- [Assignment]: In the records below, the lines between the one holding "Rue Madame Tシャツ" and the one holding "OLIVER PEOPLES 1321T", inclusive, are to be transcribed exactly; no pictures are to be included.

- [Record set]:
* * * * * * *

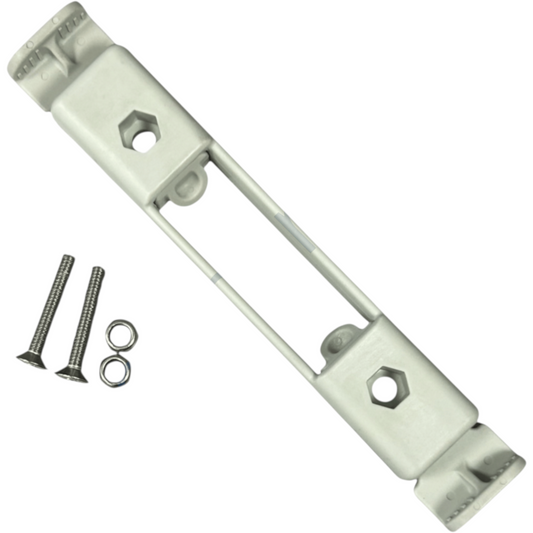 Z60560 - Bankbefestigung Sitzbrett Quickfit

* * * * * * *

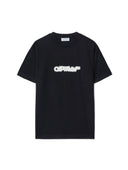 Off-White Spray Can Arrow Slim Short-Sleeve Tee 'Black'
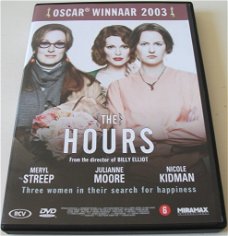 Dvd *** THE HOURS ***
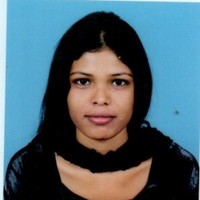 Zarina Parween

* * * * * * *

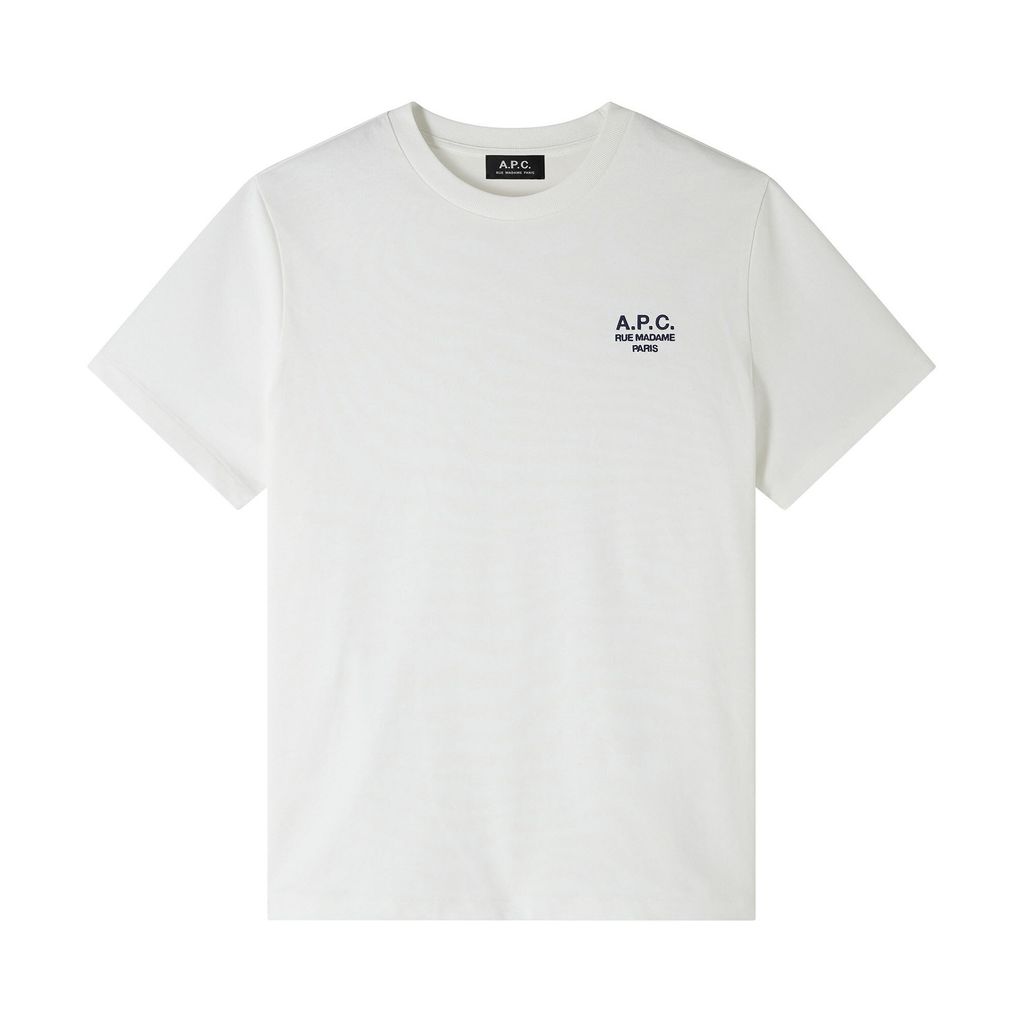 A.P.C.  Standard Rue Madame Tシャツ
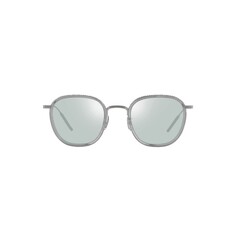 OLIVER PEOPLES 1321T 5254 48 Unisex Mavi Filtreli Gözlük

* * * * * * *

- [Response area]:
 A.P.C.  Standard Rue Madame Tシャツ
 OLIVER PEOPLES 1321T 5254 48 Unisex Mavi Filtreli Gözlük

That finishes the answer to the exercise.